We're told time and time again to plan for retirement rather than wing it, and that's good advice. Planning for that milestone can help ensure that you're able to build adequate savings, determine what lifestyle you'll maintain as a senior, and figure out what you'll do with your newfound free time.

But as they say, the best-laid plans can often go awry, and a recent report by Allianz confirms that. Allianz found that a whopping 50% of Americans wind up retiring earlier than planned, with the majority doing so for reasons outside their control.

Older man typing on computer keyboard

IMAGE SOURCE: GETTY IMAGES.

For 34% of those forced into early retirement, that scenario came due to unanticipated job loss. For 25%, it came as a result of healthcare issues. Either way, the fact that half of older Americans wind up leaving the workforce sooner than expected is troubling, and should serve as a wakeup call for those in the process of planning for their golden years.
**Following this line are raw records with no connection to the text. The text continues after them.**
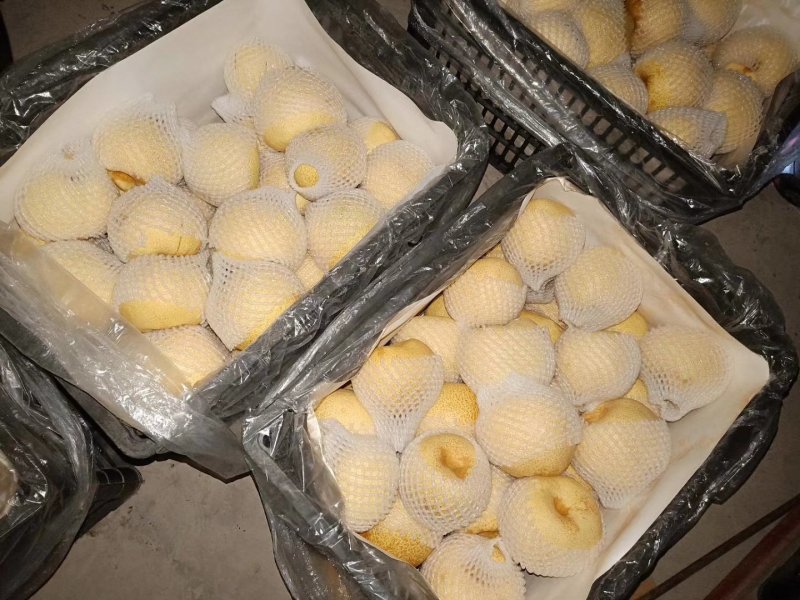 安徽酥梨电商.商超口感翠甜汁多皮薄现采现发诚信经营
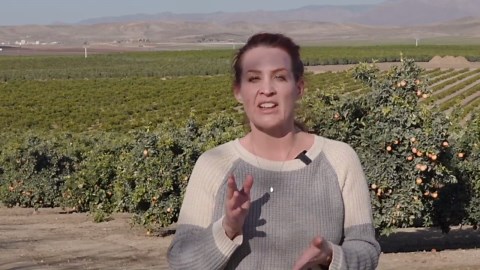 Local growers prepared for extended Freeze Warning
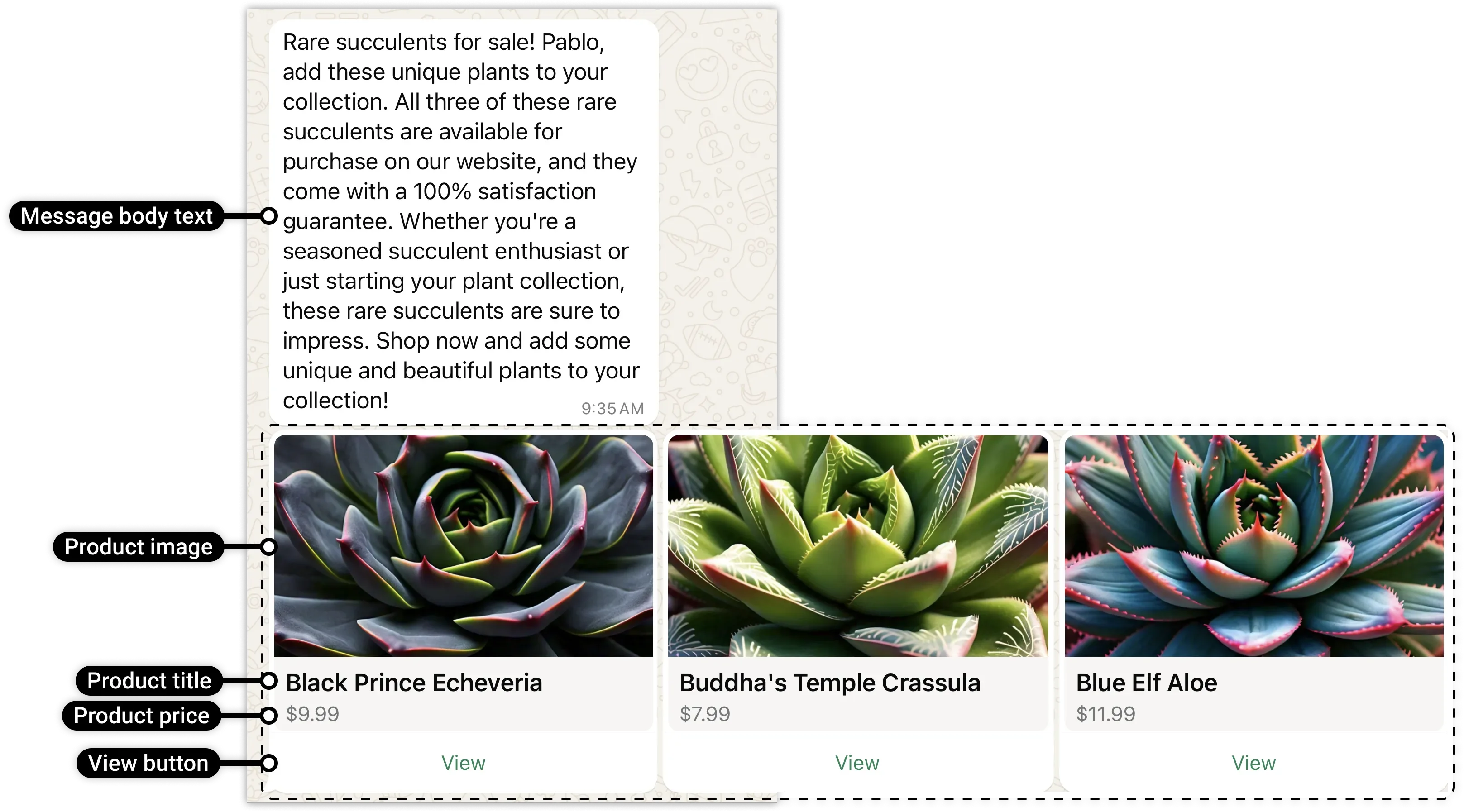 A carousel card using an SPM View button that opens product details in chat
Don't wait to fund your nest egg

Many workers put retirement savings on the back-burner for years as they address more pressing financial goals -- buying a home, paying off debt, and putting children through college. These are all important things to focus on, but here's the problem: If you wait until your 50s or later to start building a retirement nest egg, and you're forced to leave the workforce earlier than expected, you'll risk falling seriously short on cash later in life.

Let's imagine your plan is to start focusing on retirement savings when you're 52 years old, with the goal of leaving your career behind at age 67. That gives you 15 years to save and invest aggressively. If you manage to sock away $1,200 a month during that period and your investments generate an average annual 7% return, which is a reasonable assumption for a stock-heavy portfolio, you'll end up with roughly $362,000 -- a decent-sized nest egg to tap during retirement. But what happens if you're forced to leave the workforce at age 62 instead? Suddenly, you're looking at just $199,000 -- not exactly a negligible amount of money, but nowhere close to $362,000.

The takeaway? It's fine to plan to save for retirement well into your 50s or 60s, but don't assume that option will be on the table, and don't neglect your nest egg earlier in life thinking you'll simply catch up later on. Instead, start saving from a younger age so that if you're forced to retire earlier than you'd like to, you won't risk falling dangerously short on funds throughout your senior years.

Another thing: When you're forced out of your career sooner than planned, you risk having to claim Social Security early to compensate, thereby reducing that income stream as well. If you start setting funds aside for your golden years during your 20s, 30s, or 40s, you'll put less pressure on your later working years -- and you'll have less to worry about if your retirement plans don't adhere to the schedule you initially map out.